● **Work required**
Please retype the records below exactly, from the first line down to and including the line with "RAV4 Hybrid 4x2".

● **Excerpts from a dataset**
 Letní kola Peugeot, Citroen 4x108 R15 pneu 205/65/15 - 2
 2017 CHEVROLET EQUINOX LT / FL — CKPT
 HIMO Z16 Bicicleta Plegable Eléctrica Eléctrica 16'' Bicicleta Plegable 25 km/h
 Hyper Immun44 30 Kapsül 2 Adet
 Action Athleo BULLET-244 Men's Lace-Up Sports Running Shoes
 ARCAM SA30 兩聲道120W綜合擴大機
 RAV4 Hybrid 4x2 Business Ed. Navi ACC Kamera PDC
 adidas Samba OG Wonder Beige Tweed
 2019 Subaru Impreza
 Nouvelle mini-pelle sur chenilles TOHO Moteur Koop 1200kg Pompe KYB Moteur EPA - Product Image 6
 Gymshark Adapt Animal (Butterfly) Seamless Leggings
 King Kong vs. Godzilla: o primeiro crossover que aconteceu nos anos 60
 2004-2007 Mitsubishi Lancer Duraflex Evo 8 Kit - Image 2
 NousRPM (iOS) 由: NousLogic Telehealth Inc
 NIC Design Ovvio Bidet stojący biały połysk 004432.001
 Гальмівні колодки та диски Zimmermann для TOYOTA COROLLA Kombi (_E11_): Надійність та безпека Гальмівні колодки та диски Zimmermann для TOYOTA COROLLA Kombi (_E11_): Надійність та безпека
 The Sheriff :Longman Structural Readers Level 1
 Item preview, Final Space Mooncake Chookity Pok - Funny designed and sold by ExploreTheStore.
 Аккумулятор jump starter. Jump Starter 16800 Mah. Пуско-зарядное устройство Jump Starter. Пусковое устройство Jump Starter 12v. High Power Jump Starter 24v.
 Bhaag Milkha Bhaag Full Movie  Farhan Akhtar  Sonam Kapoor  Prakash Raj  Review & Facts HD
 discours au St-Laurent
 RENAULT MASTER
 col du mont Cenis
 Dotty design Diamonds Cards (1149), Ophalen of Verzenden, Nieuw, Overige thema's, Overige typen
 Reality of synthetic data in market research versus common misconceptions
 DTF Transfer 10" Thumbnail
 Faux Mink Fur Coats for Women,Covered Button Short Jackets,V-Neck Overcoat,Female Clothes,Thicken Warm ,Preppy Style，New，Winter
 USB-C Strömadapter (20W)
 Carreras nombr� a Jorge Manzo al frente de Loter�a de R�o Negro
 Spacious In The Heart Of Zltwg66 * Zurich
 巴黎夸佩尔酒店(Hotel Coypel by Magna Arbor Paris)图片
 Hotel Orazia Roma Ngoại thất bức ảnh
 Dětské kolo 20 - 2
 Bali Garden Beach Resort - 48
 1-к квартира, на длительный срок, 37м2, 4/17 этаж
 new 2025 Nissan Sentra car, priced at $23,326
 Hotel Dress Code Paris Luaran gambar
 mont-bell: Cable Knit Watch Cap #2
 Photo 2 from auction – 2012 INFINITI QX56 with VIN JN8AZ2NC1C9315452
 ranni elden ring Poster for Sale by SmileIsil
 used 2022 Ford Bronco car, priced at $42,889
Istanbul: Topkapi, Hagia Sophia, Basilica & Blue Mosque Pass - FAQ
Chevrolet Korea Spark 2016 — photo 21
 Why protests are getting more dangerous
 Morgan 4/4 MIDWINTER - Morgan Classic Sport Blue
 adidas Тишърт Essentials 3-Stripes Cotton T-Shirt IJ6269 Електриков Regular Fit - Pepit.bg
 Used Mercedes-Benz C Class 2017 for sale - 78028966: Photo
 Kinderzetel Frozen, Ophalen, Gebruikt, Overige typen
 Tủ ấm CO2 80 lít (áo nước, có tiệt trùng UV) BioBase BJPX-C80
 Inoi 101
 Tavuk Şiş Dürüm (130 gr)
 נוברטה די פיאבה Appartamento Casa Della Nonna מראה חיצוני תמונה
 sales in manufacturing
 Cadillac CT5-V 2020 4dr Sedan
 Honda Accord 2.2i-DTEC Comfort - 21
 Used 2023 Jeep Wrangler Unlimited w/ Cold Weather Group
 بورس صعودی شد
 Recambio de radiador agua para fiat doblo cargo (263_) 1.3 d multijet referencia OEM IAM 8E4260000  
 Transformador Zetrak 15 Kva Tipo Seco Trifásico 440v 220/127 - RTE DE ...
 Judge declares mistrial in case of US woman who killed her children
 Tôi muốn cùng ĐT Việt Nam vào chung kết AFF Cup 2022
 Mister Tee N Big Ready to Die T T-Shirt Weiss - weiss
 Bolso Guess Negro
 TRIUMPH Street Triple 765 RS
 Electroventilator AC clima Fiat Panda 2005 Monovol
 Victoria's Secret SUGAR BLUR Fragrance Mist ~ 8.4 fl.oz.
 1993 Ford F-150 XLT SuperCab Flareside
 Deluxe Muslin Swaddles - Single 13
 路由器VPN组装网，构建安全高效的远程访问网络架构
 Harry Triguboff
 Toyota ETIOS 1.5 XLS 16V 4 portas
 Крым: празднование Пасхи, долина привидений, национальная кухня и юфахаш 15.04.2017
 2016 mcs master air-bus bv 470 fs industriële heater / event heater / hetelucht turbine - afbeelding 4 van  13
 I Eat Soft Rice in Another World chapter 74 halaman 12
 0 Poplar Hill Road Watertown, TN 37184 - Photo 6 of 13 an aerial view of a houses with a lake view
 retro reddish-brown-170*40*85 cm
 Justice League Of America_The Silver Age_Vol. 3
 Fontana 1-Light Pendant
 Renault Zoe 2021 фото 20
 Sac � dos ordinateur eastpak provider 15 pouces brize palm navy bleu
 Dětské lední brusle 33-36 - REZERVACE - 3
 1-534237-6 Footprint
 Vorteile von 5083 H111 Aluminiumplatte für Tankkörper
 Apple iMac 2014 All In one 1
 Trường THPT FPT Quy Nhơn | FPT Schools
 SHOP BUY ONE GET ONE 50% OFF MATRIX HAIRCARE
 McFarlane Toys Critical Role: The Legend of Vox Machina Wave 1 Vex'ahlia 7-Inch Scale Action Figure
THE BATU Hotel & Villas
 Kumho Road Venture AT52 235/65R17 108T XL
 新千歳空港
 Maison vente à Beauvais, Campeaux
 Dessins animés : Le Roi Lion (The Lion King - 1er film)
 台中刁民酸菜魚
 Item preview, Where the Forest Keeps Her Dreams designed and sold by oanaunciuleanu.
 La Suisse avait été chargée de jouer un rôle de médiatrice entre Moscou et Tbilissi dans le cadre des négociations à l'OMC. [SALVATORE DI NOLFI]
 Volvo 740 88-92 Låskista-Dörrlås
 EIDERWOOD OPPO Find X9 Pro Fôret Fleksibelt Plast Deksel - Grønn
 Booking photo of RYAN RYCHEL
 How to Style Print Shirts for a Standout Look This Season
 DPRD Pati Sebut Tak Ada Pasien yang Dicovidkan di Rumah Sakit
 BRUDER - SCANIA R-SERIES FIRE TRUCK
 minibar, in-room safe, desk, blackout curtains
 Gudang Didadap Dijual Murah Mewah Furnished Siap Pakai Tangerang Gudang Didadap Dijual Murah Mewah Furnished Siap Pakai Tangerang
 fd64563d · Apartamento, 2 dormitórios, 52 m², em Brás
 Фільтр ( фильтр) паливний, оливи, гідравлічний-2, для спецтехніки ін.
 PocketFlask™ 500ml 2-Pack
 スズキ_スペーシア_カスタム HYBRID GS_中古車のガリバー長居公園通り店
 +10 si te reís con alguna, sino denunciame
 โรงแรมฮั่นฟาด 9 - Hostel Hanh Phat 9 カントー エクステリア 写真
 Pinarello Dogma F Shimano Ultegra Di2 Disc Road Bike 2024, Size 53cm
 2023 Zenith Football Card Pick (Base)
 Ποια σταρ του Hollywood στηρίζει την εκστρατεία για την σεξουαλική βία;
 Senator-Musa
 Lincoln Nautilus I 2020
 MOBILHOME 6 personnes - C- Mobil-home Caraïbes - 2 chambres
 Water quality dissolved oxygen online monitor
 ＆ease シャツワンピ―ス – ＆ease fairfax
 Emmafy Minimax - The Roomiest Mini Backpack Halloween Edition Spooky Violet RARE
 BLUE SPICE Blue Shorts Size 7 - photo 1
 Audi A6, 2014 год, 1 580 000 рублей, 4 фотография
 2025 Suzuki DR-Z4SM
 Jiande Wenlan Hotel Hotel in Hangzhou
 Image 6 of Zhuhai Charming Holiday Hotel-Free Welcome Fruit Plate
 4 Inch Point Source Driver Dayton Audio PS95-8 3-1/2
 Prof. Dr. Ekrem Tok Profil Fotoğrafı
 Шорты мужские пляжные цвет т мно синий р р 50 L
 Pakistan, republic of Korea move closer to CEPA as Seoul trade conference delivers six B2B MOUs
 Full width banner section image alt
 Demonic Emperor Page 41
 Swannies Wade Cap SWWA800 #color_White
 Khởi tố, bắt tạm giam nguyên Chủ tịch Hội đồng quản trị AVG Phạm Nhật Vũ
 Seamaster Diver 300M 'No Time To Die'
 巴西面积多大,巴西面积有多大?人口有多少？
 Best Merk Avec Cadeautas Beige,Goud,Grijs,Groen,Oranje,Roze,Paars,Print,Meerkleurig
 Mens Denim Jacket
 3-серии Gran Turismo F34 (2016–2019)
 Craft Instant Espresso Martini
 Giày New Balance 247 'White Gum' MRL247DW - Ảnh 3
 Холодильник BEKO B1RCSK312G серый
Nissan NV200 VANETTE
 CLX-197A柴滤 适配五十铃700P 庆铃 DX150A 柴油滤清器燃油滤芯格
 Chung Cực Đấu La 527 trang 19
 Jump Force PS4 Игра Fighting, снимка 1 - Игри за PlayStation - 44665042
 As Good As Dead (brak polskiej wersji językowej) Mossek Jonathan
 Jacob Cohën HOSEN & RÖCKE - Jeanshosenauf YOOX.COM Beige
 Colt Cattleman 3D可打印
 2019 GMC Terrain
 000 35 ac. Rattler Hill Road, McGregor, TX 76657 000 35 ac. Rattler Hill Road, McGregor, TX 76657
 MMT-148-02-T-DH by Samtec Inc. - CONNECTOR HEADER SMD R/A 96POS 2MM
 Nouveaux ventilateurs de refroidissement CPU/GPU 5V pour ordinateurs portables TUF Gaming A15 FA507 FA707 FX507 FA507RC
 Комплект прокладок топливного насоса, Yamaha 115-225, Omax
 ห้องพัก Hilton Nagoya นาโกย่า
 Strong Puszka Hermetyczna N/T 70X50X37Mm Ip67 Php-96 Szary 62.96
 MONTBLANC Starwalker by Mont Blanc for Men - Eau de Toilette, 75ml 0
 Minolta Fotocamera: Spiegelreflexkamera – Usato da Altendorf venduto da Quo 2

● **Reply to the exercise**
 Letní kola Peugeot, Citroen 4x108 R15 pneu 205/65/15 - 2
 2017 CHEVROLET EQUINOX LT / FL — CKPT
 HIMO Z16 Bicicleta Plegable Eléctrica Eléctrica 16'' Bicicleta Plegable 25 km/h
 Hyper Immun44 30 Kapsül 2 Adet
 Action Athleo BULLET-244 Men's Lace-Up Sports Running Shoes
 ARCAM SA30 兩聲道120W綜合擴大機
 RAV4 Hybrid 4x2 Business Ed. Navi ACC Kamera PDC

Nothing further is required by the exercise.